Warto pamiętać, że początkowo kąpiele morskie uważano za coś wysoce nagannego i porównywano w skutkach do rozpusty i nadużywania alkoholu. Wykazywano nawet ich szkodliwość dla zdrowia. Stąd plaża początkowo była raczej miejscem życia towarzyskiego, spacerów, rozmów i gier a nie opalania się.

Jeżeli już dochodziło do kąpieli morskich, to używano specjalnych wózków kąpielowych lub łodzi. Dopiero w pewnej odległości od brzegu amator kąpieli schodził do wody, a jego intymności chroniły rozmieszczone parawany.   

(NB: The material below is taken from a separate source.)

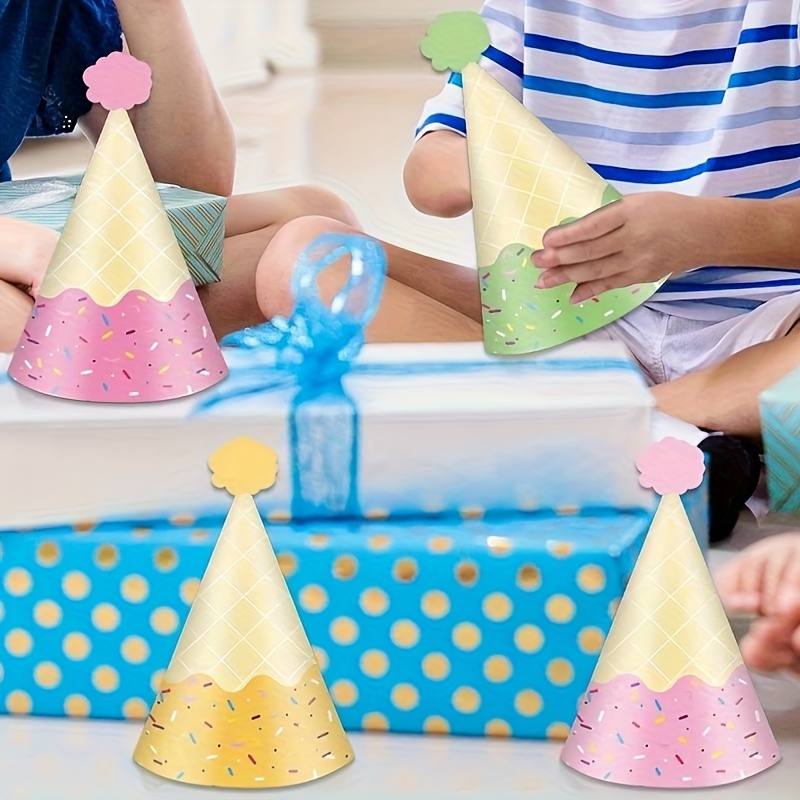 Eiswaffel-Partyhüte – bunte Pa – Party Hat Cone Bewertung und Preis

Pierwsza odnotowana przez źródła historyczne kąpiel w tej części wybrzeża Bałtyku miała miejsce w niedalekim Trzęsaczu, znanym z historii zabieranego przez morze kościółka. Rzecz działa się w 1780 roku. Do miejscowego pastora przybył w odwiedziny bliski krewny. Słyszał on o zbawiennym działaniu morskich kąpieli, więc zapragnął tą metodą podreperować nadwątlone zdrowie. Zastanawiał się jak to zrobić, skoro nawet odważni rybacy nie ryzykowali wejścia do morza, żeby nie spotkać się oko w oko z morskim potworem. Postanowił postawić wszystko na jedną szalę, bo  czego nie robi się dla zdrowia. Wyglądało to tak: na plaży stał kościelny krzepko trzymając w dłoniach końskie lejce lub sznur. Do nich przypięty był śmiałek. Gdyby zdarzyło się coś niepokojącego, pojawił się potwór lub wir porwałby kąpiącego się, ubezpieczający miał go co prędzej przy pomocy owych lejc wyciągnąć z wody ratując w ten sposób zagrożone życie.                                                                      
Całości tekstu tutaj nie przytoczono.